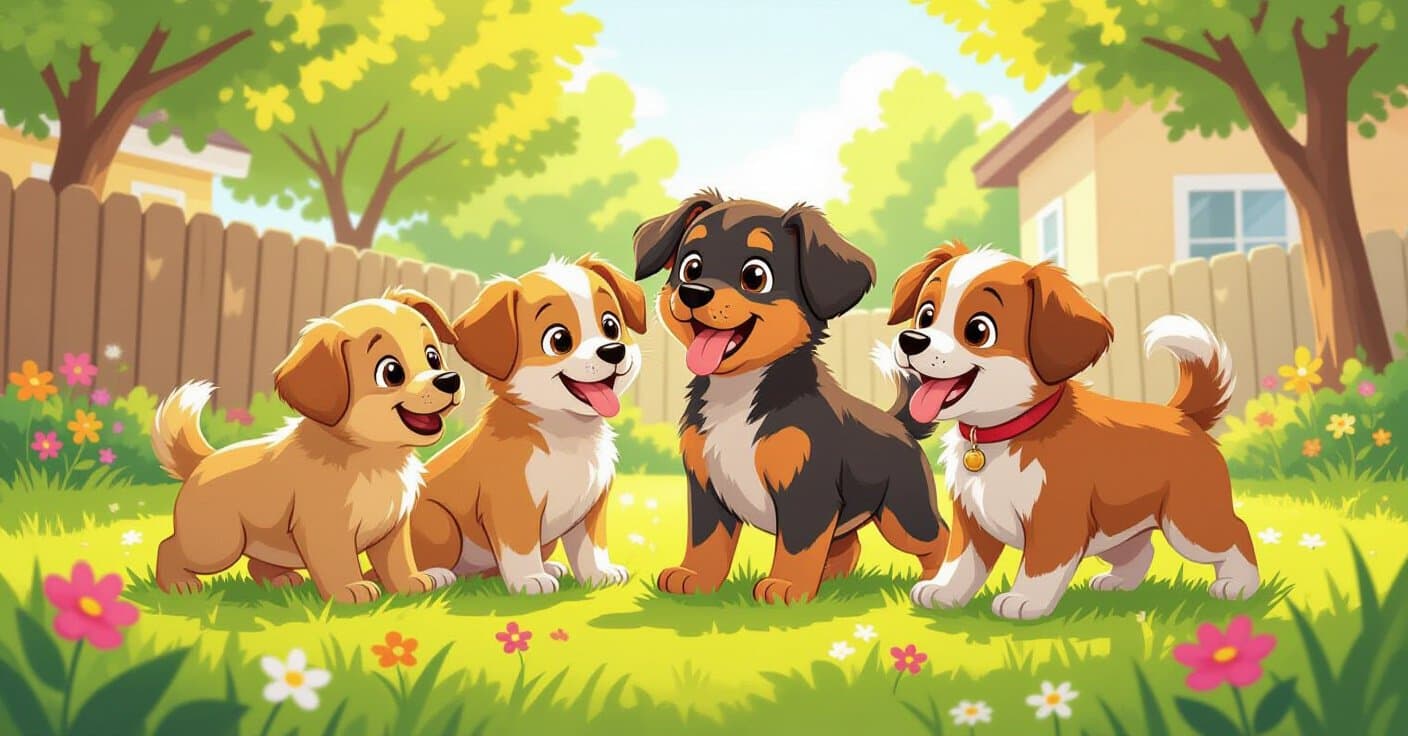 シャイから社交的へ：5日間でストレスフリーな子犬のプレイデートを開催する方法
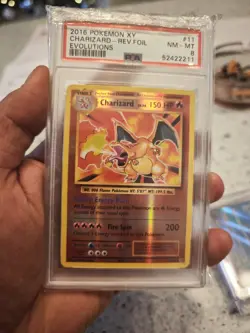 2016 Pokemon XY Evolutions Charizard Holo PSA 8 11/108 - Image 1
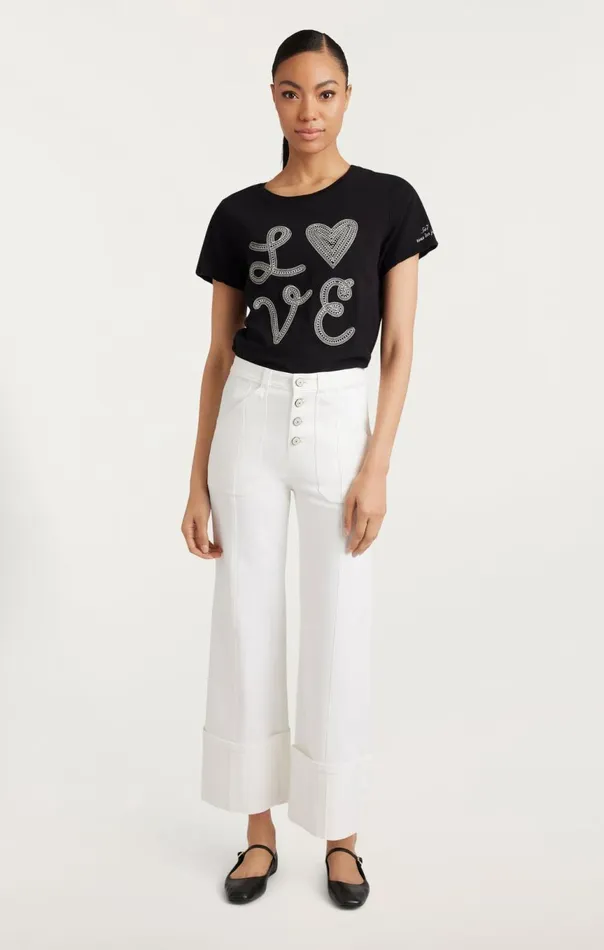 Women Cuffed Benji Pant White Cinq Sept Pants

------------------------------------------------------------

Directions for this task
An exact transcription is requested of each line from the one that holds "2016 Pokemon XY" to the end of the listing above, both boundary lines included; pictures are to be omitted.

Solution
 2016 Pokemon XY Evolutions Charizard Holo PSA 8 11/108 - Image 1
 Women Cuffed Benji Pant White Cinq Sept Pants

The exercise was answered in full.